Las aventuras de Aniceto Hevia, el álter ego de Rojas, han resonado en Chile de distintas maneras. Pero hoy lo hacen por su cuestionamiento a los países y sus fronteras. "Los seres humanos emigramos, tanto antes como ahora, porque somos necesitados, y porque tal vez haya en otras partes una tarea esperándonos y algún otro desconocido con quien entenderse y colaborar", apunta la filósofa Carla Cordua, a partir del ímpetu migrante de la novela, en el prólogo de esta nueva edición.

Así, Tajamar Editores vuelve a reeditar Hijo de ladrón con una gracia más: la portada original de Mauricio Amster, otro de esos personajes que merece un libro de no-ficción. O una serie televisiva que cuente su vida, desde Polonia, pasando por España, hasta inmigrar a Chile, gracias al auspicio de Neruda.

De esa forma, una de las grandes novelas chilenas fue escrita por un autor nacido en Buenos Aires y su portada, una de las portadas más reconocidas de la literatura chilena también, es obra de un polaco. No deja de ser paradójico, así, que detrás de la salida de Chile del Pacto Migratorio de la ONU haya un novelista: Roberto Ampuero. Vale recordar que las novelas del canciller Ampuero están pobladas de personajes que también se mueven libremente por el mundo. Y que él mismo se presenta como un escritor global, alguien que fue migrante en Cuba y Alemania (donde por lo demás estudió gratis y recibió beneficios) y que asimismo participó en el Programa Internacional de Escritura de la Universidad de Iowa.

En varios momentos de Hijo de ladrón el protagonista cruza países, fronteras y puertos. Aunque hay un problema: Aniceto Hevia es un inmigrante ilegal.

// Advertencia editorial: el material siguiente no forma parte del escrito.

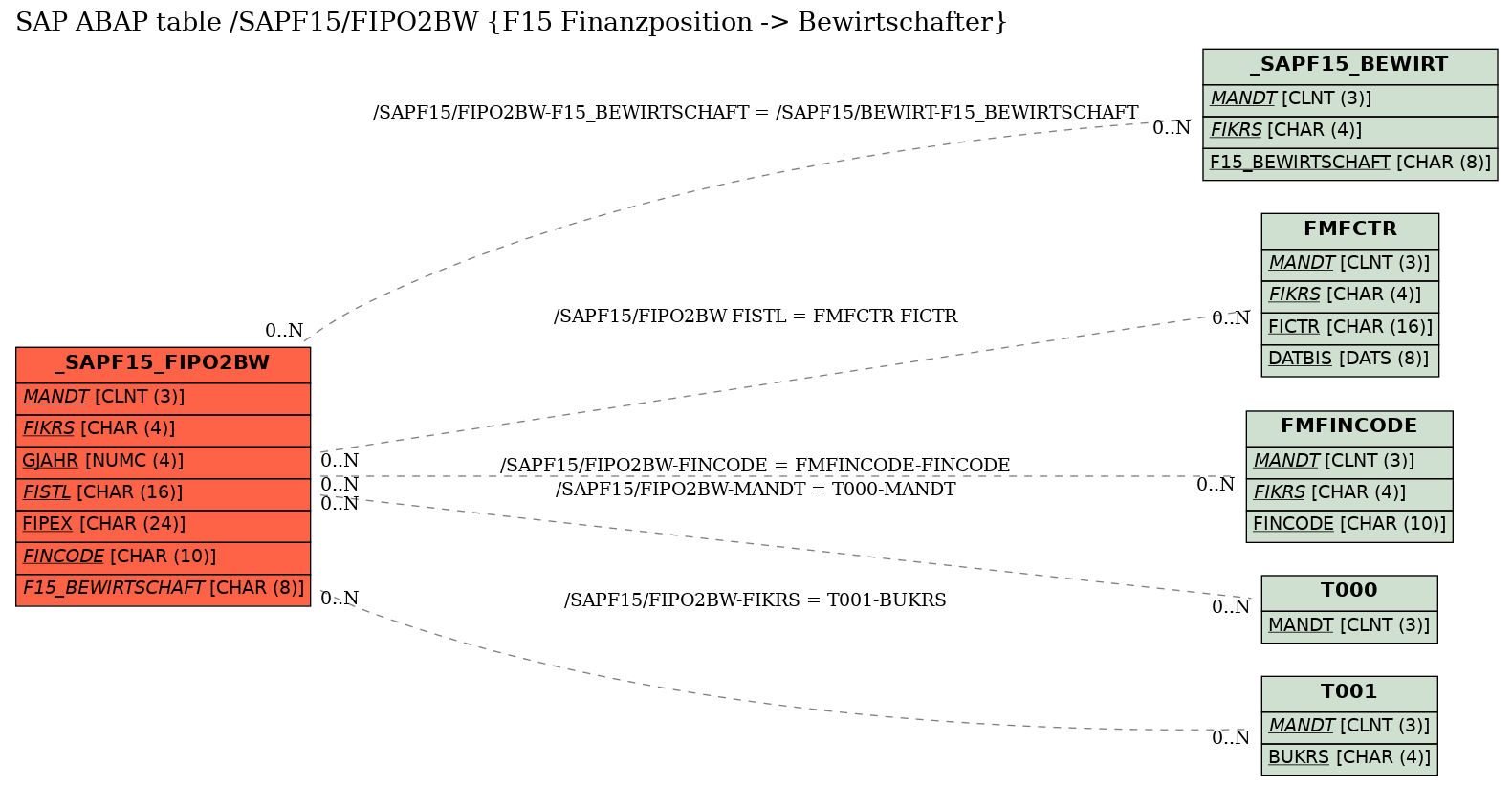 E-R Diagram for table /SAPF15/FIPO2BW (F15 Finanzposition -> Bewirtschafter)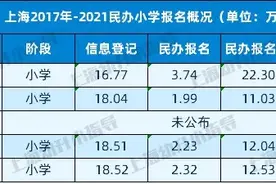 重新洗牌！上海幼升小16区教育资源与摇号优势解读！一文讲清楚图片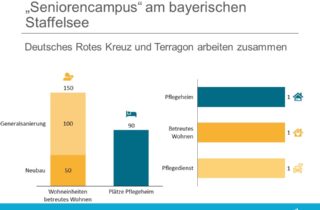 Terragon und Rotes Kreuz - Seniorencampus am bayerischen Staffelsee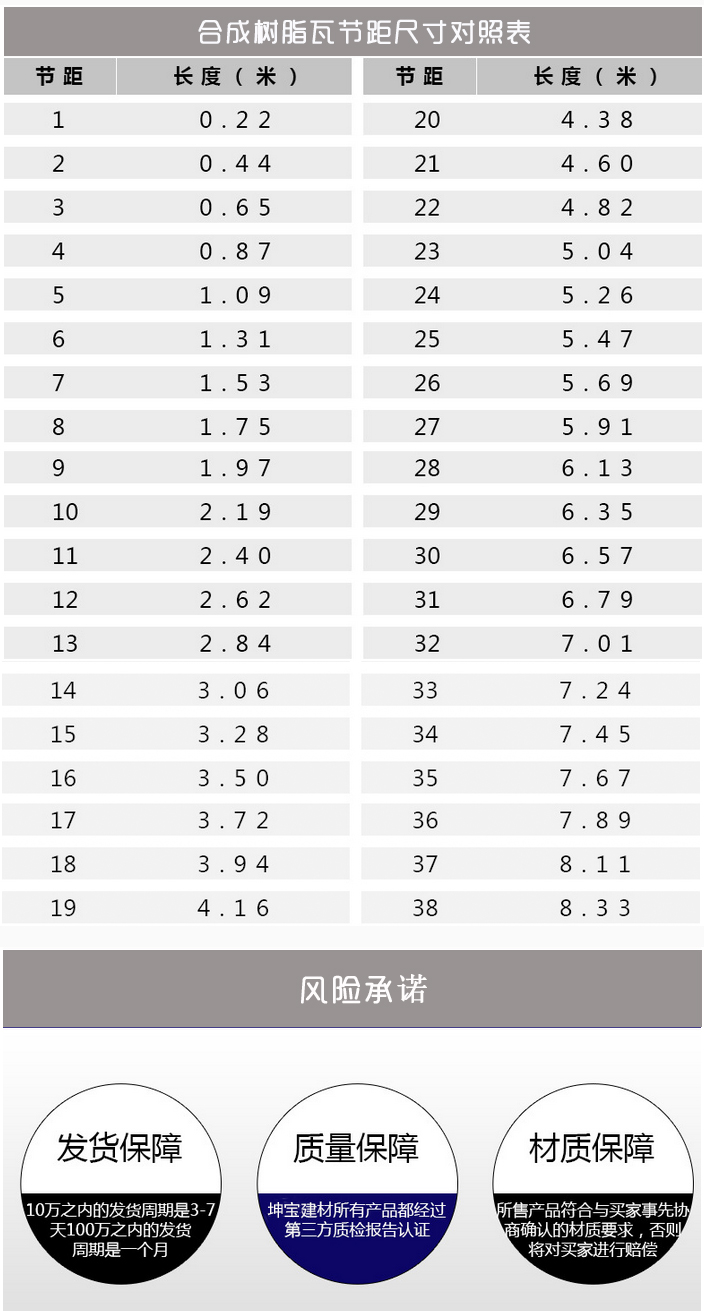 2.5mm厚合成树脂瓦批发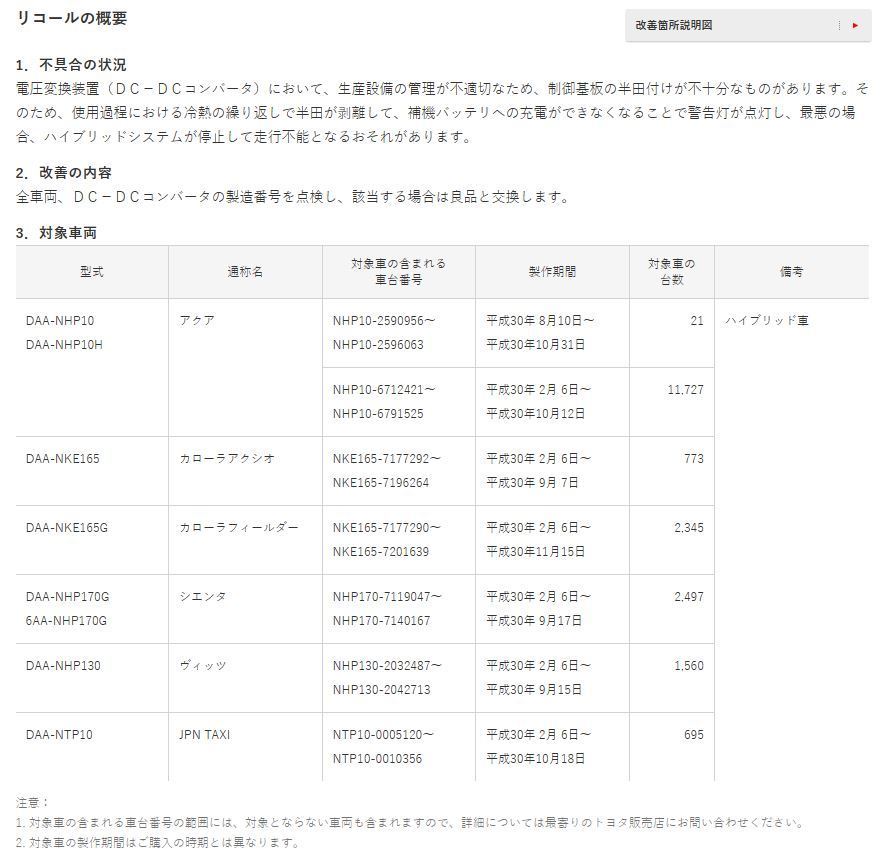 アクア　他　ハイブリッド車　リコール　2019.06.26.JPG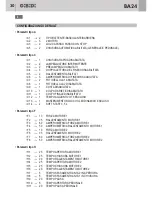 Preview for 30 page of GiBiDi BA24 Instructions For Installation Manual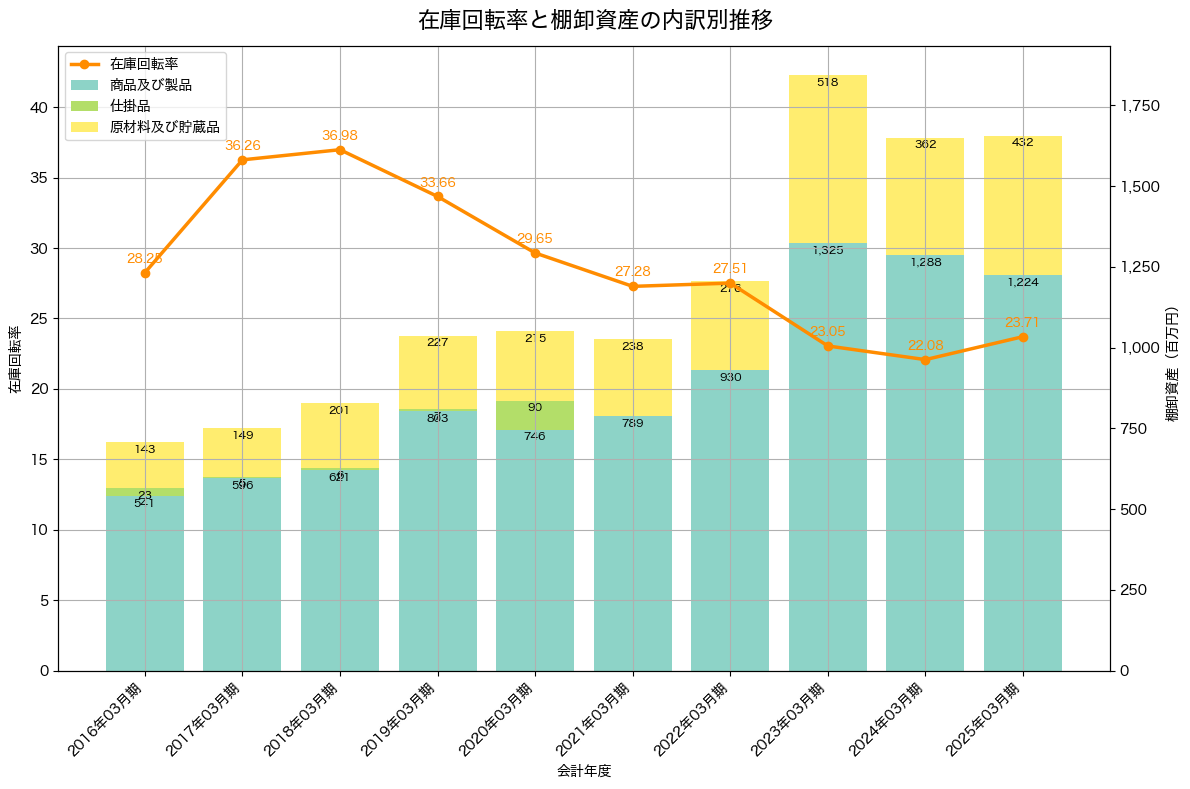 棚卸資産と在庫回転率の推移グラフ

No tiene forma de oficializar su condición humana. "No pude, pues, embarcar", cuenta Hevia en un momento de la novela, cuando intenta subirse a un barco. "Carecía de documentos, a pesar de mis piernas y de mis brazos, a pesar de mis pulmones y de mi estómago, a pesar de mi soledad y de mi hambre, parecía no existir para nadie."